Captioned web image data
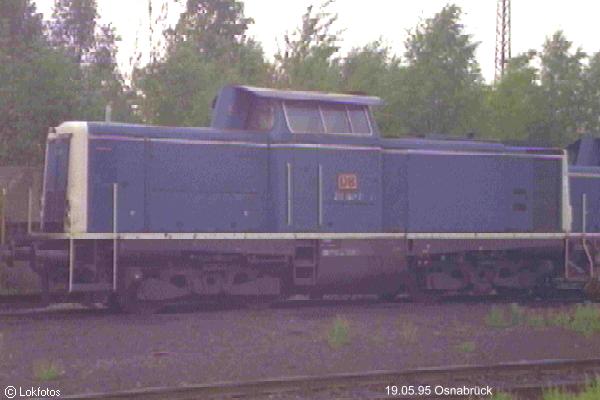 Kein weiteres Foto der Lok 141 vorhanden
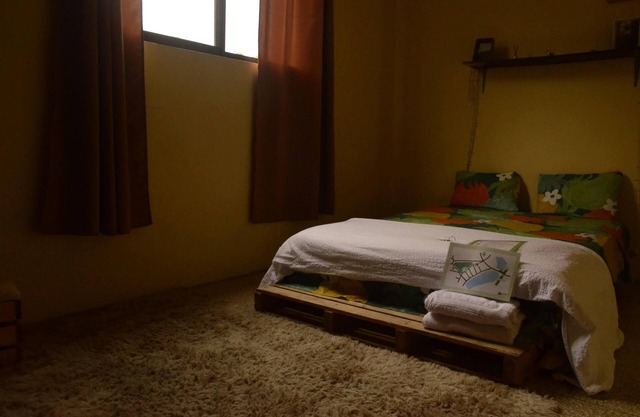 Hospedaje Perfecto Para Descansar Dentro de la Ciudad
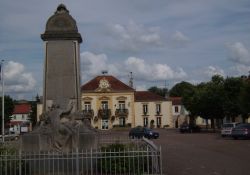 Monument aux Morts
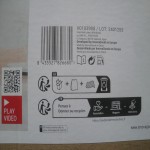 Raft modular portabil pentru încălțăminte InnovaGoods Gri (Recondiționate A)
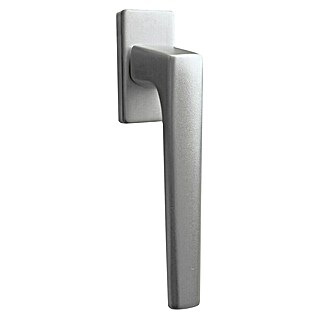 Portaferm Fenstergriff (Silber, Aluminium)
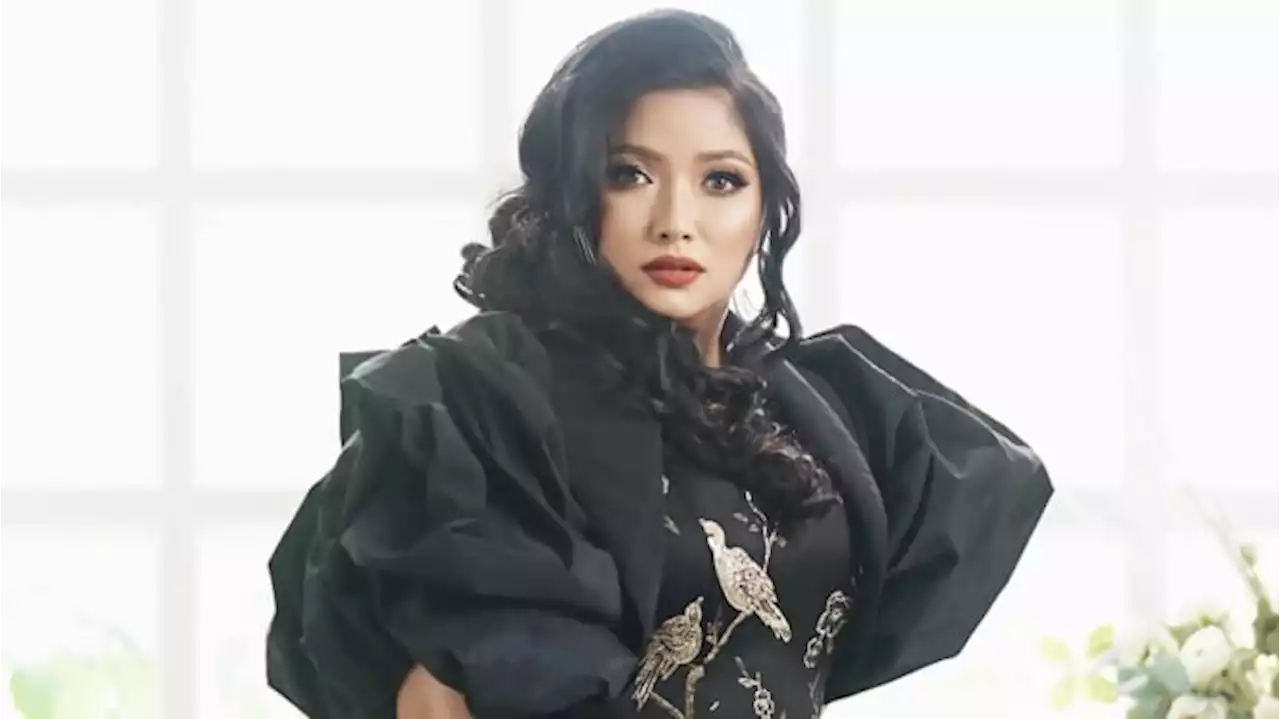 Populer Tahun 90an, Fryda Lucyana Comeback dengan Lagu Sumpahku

** WORK INSTRUCTION **
Pictures should be skipped, and the records retyped word for word.

** COMPLETED EXERCISE **
 Kein weiteres Foto der Lok 141 vorhanden
 Hospedaje Perfecto Para Descansar Dentro de la Ciudad
 Monument aux Morts
 Raft modular portabil pentru încălțăminte InnovaGoods Gri (Recondiționate A)
 Portaferm Fenstergriff (Silber, Aluminium)
 Populer Tahun 90an, Fryda Lucyana Comeback dengan Lagu Sumpahku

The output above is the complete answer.